Aha! I figured out why the chess board didn't start at the top of the page. I had used carriage returns inside of my table, and the BBCode processor doesn't seem to know where to put them in the resulting HTML, so it puts them in
front of the table. In this version, I removed all carriage returns, and the table starts where it should:
♜ | ♞ | ♝ | ♛ | ♚ | ♝ | ♞ | ♜ |
♟ | ♟ | ♟ | ♟ | ♟ | ♟ | ♟ | ♟ |
| | | | | | | |
| | | | | | | |
| | | | | | | |
| | | | | | | |
♙ | ♙ | ♙ | ♙ | ♙ | ♙ | ♙ | ♙ |
♖ | ♘ | ♗ | ♕ | ♔ | ♗ | ♘ | ♖ |
In retrospect it makes some sense.
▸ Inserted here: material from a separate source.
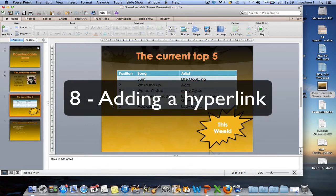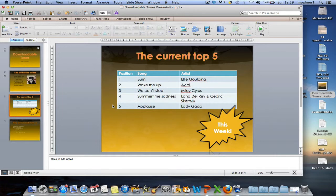Hyperlinks can be used in many different ways in a presentation. The most common of these is to apply a hyperlink to an object like an image or an auto shape.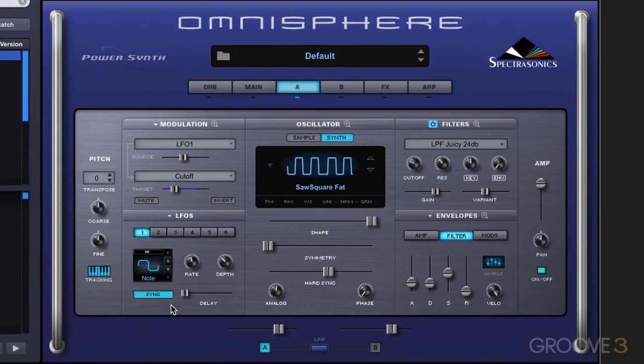So those are some ideas on how to animate the cutoff of the filter over time using an LFO.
In HTML, all white space (spaces, tabs, carriage returns, line feeds) is ignored. To force a new line in HTML, you have to use an explicit tag (like "br" or "p"). But BBCode is meant to be easier, and it lets you use regular new lines in your code to make new lines in the HTML. So while new lines in a table shouldn't have any effect on HTML, these new lines were appearing in the BBCode, and it tried to add the HTML breaks for each new line ... somewhere. I think it's a bug in the BBCode translator to put those newlines outside the table, but it may also be considered a "feature". Either way, the lesson is clear: don't use carriage returns or line feeds inside of a chess table!!